Die Messung bezieht sich auf die Gruppen Hersteller, Lieferanten, Personal, Kundschaft, Unternehmensführung, Finanzpartner und auch das gesellschaftliche Umfeld. Dazu werden Faktoren wie nachhaltige Herstellungsprozesse, leistbare Preise und faire Entlohnung berücksichtigt. „Die vier Gemeinwohl-Werte – Menschenwürde, ökologische Verantwortung, Solidarität, soziale Gerechtigkeit, demokratische Mitbestimmung und Transparenz – sind damals deshalb ausgewählt worden, weil damit menschliche Beziehungen gelingen können“, so Häußler. „Wenn wir das gegenseitig leben, aus der Haltung heraus ,leben und leben lassen’, dann ist die wirtschaftliche Tätigkeit etwas sehr sinnvolles.“ Die Matrix sei ein gutes Werkzeug, um eine Nachhaltigkeitsstrategie zu erstellen und das Unternehmen nachhaltig auszurichten – vor allem weil sie das Potential biete, Unternehmen zum Nachdenken anzuregen.
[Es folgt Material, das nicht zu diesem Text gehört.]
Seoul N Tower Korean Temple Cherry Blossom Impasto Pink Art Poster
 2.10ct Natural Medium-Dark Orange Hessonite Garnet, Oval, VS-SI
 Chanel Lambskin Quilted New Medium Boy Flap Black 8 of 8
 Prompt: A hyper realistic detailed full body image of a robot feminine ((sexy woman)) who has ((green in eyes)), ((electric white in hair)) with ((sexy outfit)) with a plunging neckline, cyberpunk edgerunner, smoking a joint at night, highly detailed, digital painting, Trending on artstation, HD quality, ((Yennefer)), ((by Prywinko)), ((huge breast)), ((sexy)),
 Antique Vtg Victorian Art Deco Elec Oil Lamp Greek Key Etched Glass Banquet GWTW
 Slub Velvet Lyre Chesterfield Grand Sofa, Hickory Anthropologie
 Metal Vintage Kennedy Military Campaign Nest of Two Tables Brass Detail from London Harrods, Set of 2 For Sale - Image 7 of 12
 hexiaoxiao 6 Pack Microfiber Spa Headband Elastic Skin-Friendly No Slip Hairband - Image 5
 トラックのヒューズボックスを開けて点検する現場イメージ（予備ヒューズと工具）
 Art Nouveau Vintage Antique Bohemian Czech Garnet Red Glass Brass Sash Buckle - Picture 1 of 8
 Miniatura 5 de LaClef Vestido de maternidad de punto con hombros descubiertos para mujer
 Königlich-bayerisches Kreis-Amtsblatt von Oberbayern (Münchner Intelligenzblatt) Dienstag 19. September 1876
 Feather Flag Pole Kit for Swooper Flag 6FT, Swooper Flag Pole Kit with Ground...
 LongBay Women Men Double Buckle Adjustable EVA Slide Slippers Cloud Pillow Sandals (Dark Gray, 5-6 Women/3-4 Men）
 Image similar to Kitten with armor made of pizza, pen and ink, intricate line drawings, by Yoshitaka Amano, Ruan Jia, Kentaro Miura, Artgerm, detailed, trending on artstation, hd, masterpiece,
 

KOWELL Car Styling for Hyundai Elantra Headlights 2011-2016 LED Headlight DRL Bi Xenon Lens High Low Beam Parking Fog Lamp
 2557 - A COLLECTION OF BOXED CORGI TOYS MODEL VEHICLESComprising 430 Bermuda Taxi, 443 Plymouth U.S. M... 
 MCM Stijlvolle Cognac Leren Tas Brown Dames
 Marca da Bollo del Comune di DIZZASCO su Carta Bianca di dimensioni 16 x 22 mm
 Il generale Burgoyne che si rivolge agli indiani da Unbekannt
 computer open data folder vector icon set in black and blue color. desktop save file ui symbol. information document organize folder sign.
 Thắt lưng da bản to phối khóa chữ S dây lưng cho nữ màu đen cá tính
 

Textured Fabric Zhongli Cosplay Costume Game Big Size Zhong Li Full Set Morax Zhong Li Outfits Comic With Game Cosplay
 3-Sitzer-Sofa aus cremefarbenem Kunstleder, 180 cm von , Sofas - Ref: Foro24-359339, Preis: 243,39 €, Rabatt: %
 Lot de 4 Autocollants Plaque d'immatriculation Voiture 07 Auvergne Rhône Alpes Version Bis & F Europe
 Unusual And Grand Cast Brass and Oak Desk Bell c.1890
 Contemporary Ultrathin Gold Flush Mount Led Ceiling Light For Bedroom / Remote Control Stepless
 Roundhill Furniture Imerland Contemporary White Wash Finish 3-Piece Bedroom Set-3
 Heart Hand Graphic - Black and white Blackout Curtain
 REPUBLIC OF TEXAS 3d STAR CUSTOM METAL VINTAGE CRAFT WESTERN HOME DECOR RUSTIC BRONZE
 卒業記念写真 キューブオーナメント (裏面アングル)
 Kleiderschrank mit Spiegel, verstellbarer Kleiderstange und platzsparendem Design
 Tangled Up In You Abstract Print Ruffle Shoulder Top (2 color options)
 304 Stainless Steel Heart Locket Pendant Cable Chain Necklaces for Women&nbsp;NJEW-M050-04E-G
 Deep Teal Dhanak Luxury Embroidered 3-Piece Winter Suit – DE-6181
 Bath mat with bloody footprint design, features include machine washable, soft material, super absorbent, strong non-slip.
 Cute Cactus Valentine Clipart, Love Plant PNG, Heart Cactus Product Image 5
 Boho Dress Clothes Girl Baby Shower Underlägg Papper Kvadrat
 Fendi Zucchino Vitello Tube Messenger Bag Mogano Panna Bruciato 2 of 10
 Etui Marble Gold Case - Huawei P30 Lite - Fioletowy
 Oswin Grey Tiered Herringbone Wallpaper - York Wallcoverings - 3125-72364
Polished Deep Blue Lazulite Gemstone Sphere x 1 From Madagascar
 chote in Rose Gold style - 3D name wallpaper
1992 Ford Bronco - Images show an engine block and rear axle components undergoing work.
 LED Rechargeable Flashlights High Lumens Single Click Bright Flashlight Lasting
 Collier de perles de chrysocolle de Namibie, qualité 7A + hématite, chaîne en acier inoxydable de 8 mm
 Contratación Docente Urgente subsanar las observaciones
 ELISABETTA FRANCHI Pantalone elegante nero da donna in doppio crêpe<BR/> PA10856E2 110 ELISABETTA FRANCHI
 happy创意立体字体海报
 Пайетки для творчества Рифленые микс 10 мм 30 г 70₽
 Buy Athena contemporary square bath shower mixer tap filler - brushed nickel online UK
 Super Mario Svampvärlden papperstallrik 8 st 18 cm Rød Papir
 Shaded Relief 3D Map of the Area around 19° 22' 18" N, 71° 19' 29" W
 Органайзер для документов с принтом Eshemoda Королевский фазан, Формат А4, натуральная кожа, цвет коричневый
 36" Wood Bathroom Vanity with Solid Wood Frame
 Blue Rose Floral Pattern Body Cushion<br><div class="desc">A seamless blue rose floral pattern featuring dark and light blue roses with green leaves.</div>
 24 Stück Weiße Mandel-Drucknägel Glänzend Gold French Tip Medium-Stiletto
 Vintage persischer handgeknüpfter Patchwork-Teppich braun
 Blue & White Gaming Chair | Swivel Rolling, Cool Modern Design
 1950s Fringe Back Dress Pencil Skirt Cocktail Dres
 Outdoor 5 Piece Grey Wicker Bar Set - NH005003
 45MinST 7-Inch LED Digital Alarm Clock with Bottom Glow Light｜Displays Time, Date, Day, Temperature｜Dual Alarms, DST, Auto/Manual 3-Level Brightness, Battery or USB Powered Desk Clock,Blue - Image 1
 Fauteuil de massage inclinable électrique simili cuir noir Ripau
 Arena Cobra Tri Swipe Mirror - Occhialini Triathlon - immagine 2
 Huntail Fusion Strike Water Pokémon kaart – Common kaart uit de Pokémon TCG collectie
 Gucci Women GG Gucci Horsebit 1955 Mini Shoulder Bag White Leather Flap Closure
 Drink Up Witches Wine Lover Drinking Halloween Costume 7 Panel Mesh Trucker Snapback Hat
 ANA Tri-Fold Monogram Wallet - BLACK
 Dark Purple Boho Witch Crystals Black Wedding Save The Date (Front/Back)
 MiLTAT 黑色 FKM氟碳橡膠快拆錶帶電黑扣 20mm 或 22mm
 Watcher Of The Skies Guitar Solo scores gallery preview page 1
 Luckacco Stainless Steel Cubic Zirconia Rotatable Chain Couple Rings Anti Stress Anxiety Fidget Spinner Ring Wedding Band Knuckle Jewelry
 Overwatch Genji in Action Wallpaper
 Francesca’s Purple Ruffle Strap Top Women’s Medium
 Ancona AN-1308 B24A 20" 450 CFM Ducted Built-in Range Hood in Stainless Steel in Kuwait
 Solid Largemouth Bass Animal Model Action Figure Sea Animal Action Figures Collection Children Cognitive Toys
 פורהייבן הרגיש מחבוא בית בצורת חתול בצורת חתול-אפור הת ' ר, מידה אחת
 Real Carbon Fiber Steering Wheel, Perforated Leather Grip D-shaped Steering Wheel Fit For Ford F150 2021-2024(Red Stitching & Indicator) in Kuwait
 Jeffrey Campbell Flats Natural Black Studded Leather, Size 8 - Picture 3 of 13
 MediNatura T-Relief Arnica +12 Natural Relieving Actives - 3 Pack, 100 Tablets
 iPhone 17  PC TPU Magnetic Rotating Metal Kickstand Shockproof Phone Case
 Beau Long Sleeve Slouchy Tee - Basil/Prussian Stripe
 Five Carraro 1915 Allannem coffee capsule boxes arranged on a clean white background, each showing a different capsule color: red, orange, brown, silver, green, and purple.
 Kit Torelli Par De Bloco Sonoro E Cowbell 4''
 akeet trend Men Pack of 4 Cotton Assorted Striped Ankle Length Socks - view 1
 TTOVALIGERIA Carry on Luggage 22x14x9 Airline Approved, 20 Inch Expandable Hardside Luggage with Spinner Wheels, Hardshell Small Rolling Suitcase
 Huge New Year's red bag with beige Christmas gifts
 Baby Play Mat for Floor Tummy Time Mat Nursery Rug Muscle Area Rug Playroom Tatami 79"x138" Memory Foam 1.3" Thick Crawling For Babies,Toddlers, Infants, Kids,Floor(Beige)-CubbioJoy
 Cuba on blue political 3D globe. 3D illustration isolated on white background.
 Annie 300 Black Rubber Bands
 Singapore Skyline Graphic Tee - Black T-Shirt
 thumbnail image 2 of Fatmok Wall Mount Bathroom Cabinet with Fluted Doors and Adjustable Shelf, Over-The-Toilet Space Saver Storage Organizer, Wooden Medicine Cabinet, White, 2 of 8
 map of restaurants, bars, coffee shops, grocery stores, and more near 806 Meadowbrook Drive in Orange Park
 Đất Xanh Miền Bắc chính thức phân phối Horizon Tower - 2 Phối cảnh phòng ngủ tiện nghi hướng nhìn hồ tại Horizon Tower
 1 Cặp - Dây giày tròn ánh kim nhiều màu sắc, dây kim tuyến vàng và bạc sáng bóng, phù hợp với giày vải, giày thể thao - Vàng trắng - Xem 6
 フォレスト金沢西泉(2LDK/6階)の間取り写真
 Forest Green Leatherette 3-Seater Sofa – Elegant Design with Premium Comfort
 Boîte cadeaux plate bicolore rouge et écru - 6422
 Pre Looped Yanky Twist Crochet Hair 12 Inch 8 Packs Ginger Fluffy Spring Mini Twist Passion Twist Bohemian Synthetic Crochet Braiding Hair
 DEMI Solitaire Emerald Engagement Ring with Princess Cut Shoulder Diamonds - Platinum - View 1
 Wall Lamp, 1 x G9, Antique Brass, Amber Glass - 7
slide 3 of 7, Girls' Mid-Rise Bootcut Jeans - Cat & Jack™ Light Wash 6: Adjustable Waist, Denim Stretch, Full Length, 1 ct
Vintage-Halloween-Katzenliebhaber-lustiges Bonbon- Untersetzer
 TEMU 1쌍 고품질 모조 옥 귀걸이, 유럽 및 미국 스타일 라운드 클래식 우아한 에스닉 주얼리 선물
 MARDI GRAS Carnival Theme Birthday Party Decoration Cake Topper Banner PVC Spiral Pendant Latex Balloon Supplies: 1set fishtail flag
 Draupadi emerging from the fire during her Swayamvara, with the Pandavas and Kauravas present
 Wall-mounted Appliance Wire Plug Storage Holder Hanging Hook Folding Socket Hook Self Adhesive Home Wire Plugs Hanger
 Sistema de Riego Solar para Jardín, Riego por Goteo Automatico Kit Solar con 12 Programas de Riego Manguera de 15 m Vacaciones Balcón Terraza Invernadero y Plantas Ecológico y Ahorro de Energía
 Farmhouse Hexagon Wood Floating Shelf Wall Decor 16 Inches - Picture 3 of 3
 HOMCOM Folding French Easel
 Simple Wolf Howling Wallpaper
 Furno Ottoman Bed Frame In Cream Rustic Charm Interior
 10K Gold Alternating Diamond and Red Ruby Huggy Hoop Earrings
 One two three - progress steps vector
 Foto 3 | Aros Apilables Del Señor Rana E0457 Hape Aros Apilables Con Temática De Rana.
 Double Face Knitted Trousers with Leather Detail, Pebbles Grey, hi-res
Welchen Sinn hat das Produkt, das hier vertrieben wird, für die Gemeinschaft? Was hat es für eine Zukunftsfähigkeit? Welche Bedürfnisse werden damit befriedigt? „Das heißt nicht, dass sie das automatisch tun – aber es ist schwieriger drum herum zu kommen und hilft, sich mit dem Essentiellen auseinander zu setzen“, führt Häußler aus.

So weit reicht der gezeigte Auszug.